Camel case is a casing convention of text whereby given words are joined next to each other, without any space in between, with the first letter of every word uppercased, except for the first one.

So if we have the two words hello and world, then representing these together in camel case would give us the word helloWorld.

The word HTMLElement obtained from the words HTML and Element is an example of using Pascal case, not camel case. Hence, we don't consider such words here that begin with an uppercase character.

In this exercise, you have to create a function getWords() that takes in a camel-cased string and returns back an array containing all the individual words in the string.

If the given string is empty (''), you MUST return back an empty array.

Note that you must not worry about the grammar of the given string, i.e. whether or not it's a valid camel-cased string. You should assume that it's a well-formed camel-cased string.

For example, 'to There' is not a well-formed camel-cased string, but thanks to our assumption, we can be rest assured that we won't be dealing with such strings in our function.

In addition to this, you should also assume that there are no digits in the given string. This assumption largely simplifies the underlying logic.

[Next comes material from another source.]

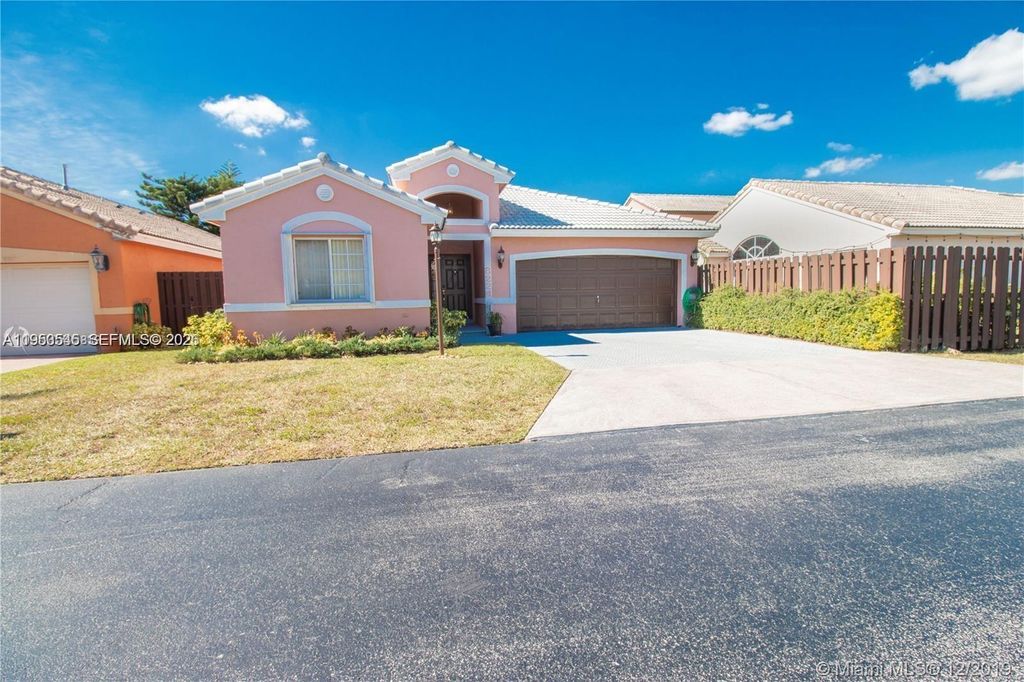 Photo of 8224 SW 157th Ct, Miami, FL 33193 (MLS # A11953545)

Shown below are a couple of examples of the usage of the function:

getWords('helloWorld')

['hello', 'World']

getWords('innerHTML')

['inner', 'HTML']

getWords('lastHTMLElement')

['last', 'HTML', 'Element']

getWords('insertAdjacentElement')

['insert', 'Adjacent', 'Element']

getWords('insertAdjacentHTML')

['insert', 'Adjacent', 'HTML']

getWords('')

[]

Note that there is are two special cases to deal with as shown above:

If a sequence of characters is in upper case, then that constitutes as a single word. For instance, innerHTML is comprised of the two words inner and HTML, where the latter is a sequence of uppercase words and hence, constitutes a single word.
There is an exception to this rule and that's when a sequence of uppercase characters is followed by a lowercase character. In this case, the sequence, excluding the last character, constitutes a single word. For instance, 'lastHTMLElement' is comprised of the words 'last', 'HTML', and 'Element'. Here the sequence HTMLE is followed by l and hence it constitutes the word 'HTML'.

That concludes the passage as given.